--- DATA EXTRACT ---
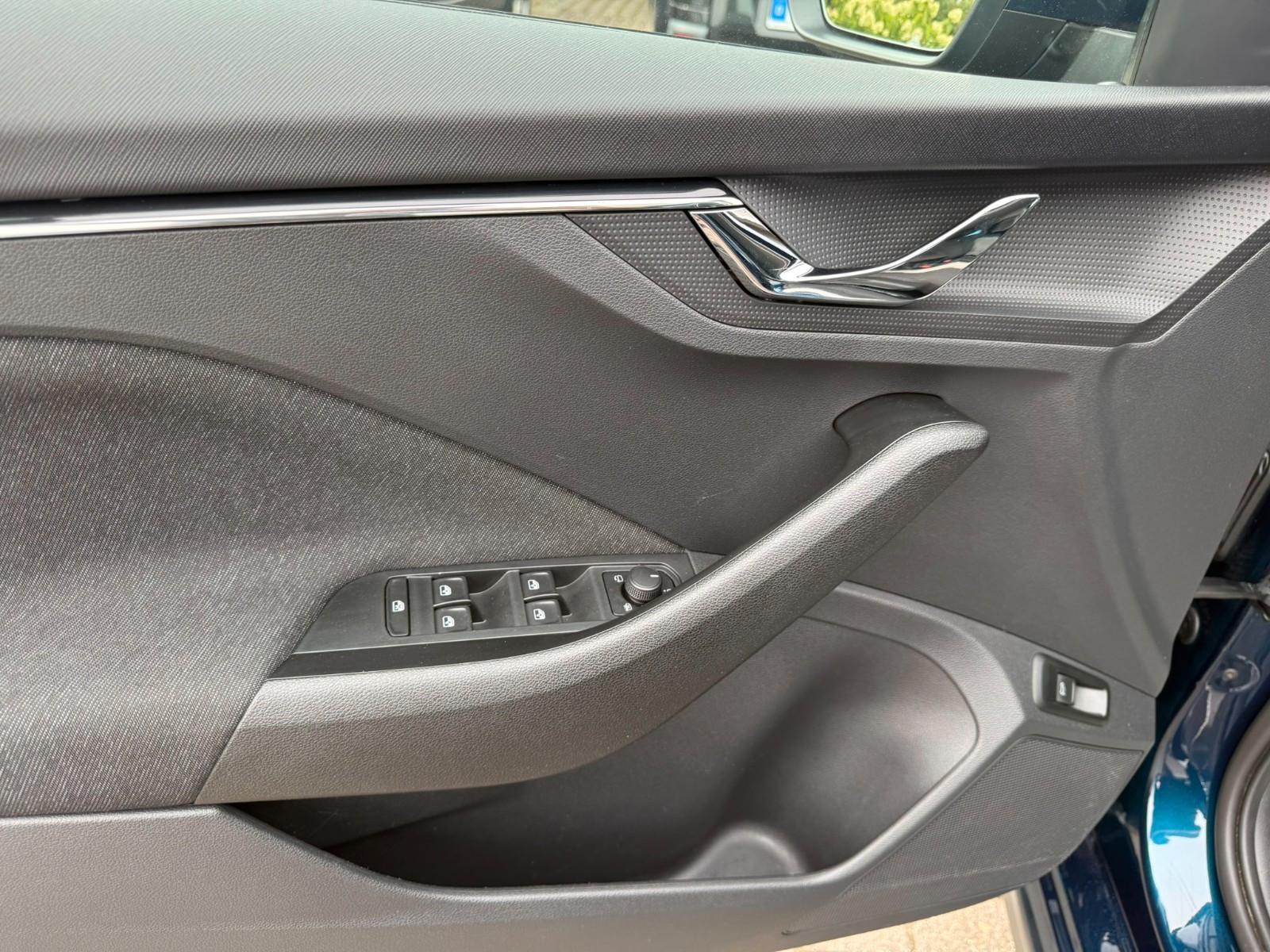 Skoda Kamiq Style VIRTUAL KLIMA ALU PDC KAMERA AHK FSE, миниатюра 9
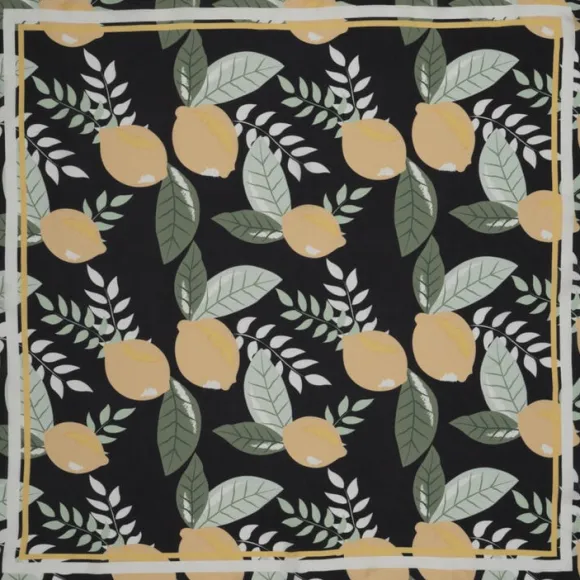 Mari Fall Scarf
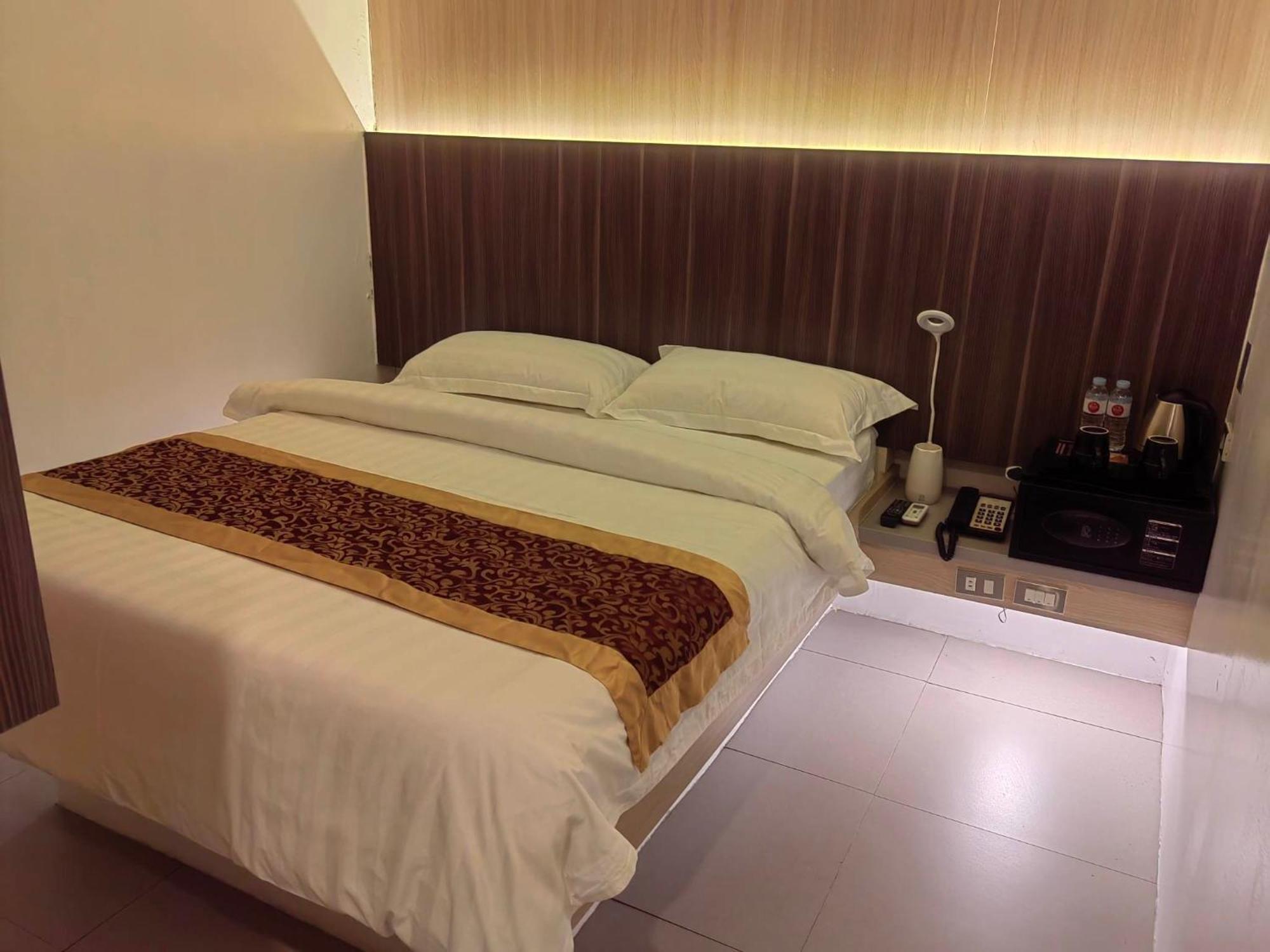 Kojo Hotel Tagum מראה חיצוני תמונה
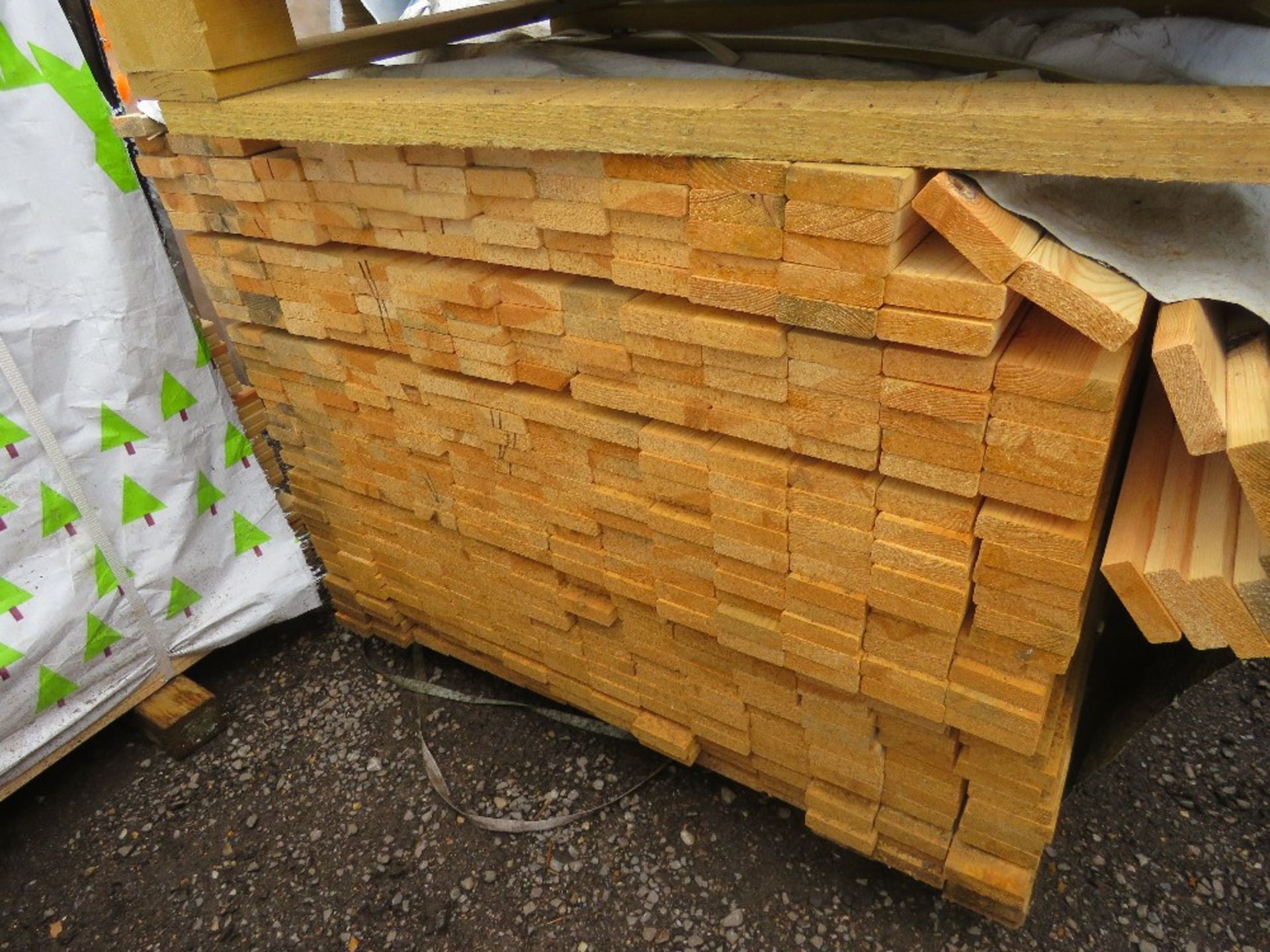 PACK OF UNTREATED TIMBER BOARDS/RAILS, 1.8M LENGTH X 70MM X 20MM APPROX. - Image 2 of 3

--- WHAT YOU ARE ASKED TO DO ---
The material is to be written out word for word, and the pictures are to be left out.

--- OUTPUT ---
 Skoda Kamiq Style VIRTUAL KLIMA ALU PDC KAMERA AHK FSE, миниатюра 9
 Mari Fall Scarf
 Kojo Hotel Tagum מראה חיצוני תמונה
 PACK OF UNTREATED TIMBER BOARDS/RAILS, 1.8M LENGTH X 70MM X 20MM APPROX. - Image 2 of 3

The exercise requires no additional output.